• Try it:
Each line of the data below between the one containing "Drew's Famous Fright" and the one containing "Relógio esportivo Huawei", both included, is to be repeated exactly. Please omit pictures.

• Source records:
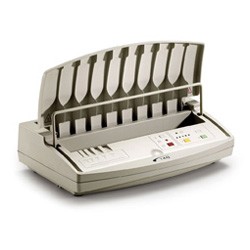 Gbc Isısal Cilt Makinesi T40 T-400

---

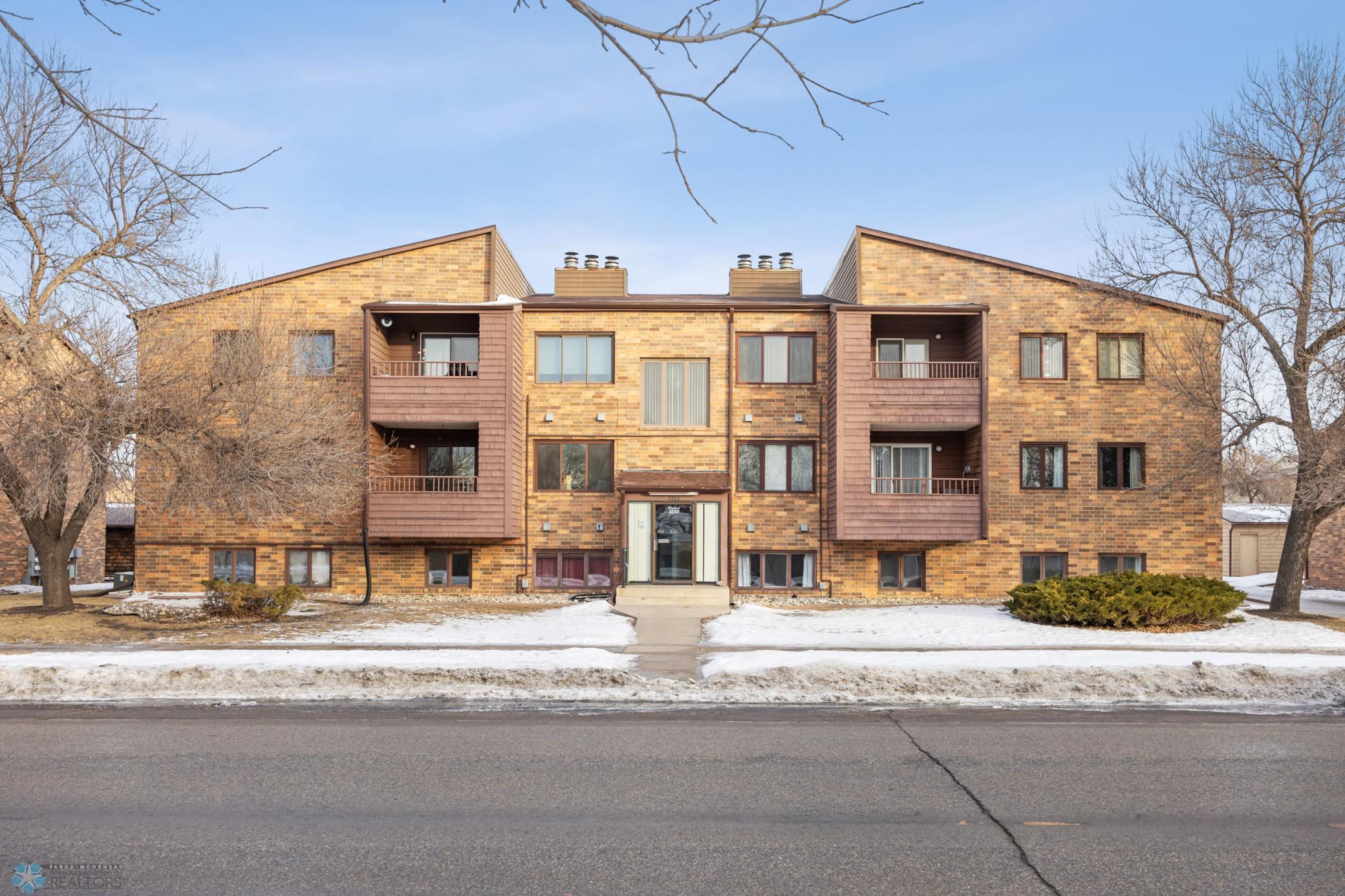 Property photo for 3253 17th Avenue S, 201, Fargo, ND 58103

--

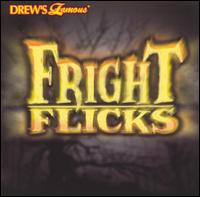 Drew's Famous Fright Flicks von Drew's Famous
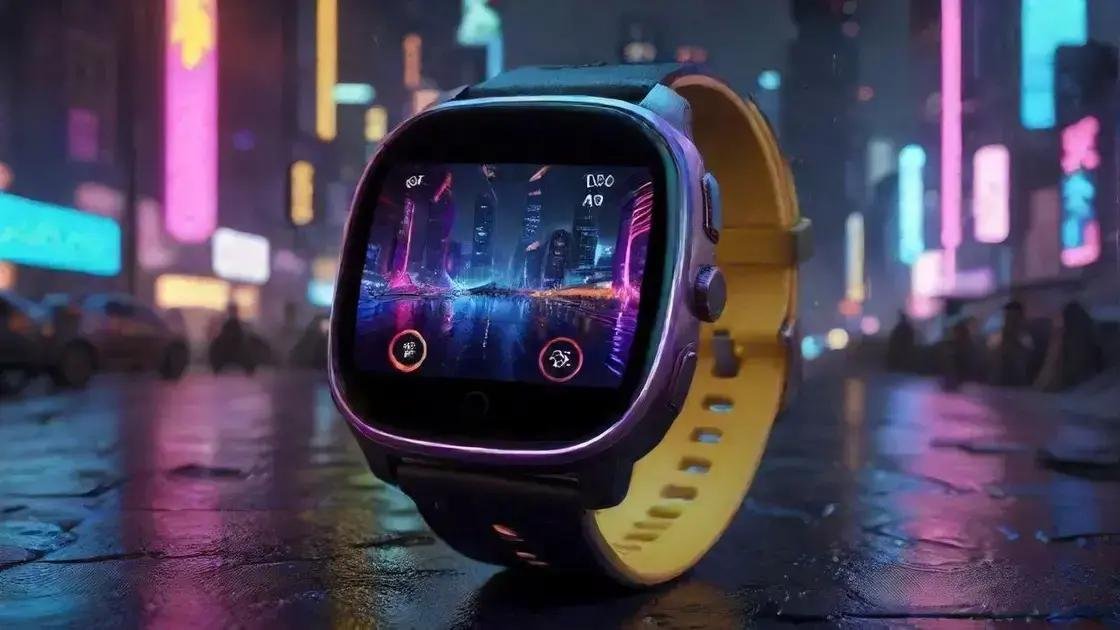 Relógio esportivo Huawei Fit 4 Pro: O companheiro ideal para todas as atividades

• Problem solution:
 Drew's Famous Fright Flicks von Drew's Famous
 Relógio esportivo Huawei Fit 4 Pro: O companheiro ideal para todas as atividades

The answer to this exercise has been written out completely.